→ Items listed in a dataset

= Beginning of Section =

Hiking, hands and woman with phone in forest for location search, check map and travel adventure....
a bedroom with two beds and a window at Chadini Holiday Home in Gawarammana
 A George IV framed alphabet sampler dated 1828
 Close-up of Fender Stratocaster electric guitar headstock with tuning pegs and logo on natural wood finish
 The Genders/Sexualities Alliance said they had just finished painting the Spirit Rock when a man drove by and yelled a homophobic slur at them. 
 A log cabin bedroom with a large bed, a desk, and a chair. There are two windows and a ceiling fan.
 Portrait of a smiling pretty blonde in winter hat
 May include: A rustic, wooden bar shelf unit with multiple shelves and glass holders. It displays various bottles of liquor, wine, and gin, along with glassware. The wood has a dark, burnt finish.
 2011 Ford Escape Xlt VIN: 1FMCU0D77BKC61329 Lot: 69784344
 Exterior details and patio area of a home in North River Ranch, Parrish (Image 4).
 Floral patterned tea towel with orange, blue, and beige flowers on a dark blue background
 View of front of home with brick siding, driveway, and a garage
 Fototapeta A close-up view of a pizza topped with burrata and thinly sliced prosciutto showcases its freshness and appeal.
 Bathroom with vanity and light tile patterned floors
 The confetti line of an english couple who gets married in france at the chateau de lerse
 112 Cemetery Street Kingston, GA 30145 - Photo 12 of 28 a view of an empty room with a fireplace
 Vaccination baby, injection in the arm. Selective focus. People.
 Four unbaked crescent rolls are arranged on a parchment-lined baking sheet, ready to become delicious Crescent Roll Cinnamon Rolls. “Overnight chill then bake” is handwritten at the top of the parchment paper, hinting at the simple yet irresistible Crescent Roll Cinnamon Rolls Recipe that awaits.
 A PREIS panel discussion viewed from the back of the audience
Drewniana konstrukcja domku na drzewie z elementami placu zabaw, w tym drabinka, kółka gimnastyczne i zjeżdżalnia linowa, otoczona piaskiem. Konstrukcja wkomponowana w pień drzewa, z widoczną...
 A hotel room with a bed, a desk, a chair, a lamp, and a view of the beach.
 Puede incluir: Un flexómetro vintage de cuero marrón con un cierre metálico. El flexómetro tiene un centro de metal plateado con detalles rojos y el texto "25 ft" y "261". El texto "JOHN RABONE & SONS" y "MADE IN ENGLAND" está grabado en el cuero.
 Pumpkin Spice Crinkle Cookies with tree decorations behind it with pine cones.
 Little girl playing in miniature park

= End of Section =

→ What you will do
Although the records may continue, retype only the lines from the first one through the one containing "A George IV", exactly as they appear.

→ Written response
Hiking, hands and woman with phone in forest for location search, check map and travel adventure....
a bedroom with two beds and a window at Chadini Holiday Home in Gawarammana
 A George IV framed alphabet sampler dated 1828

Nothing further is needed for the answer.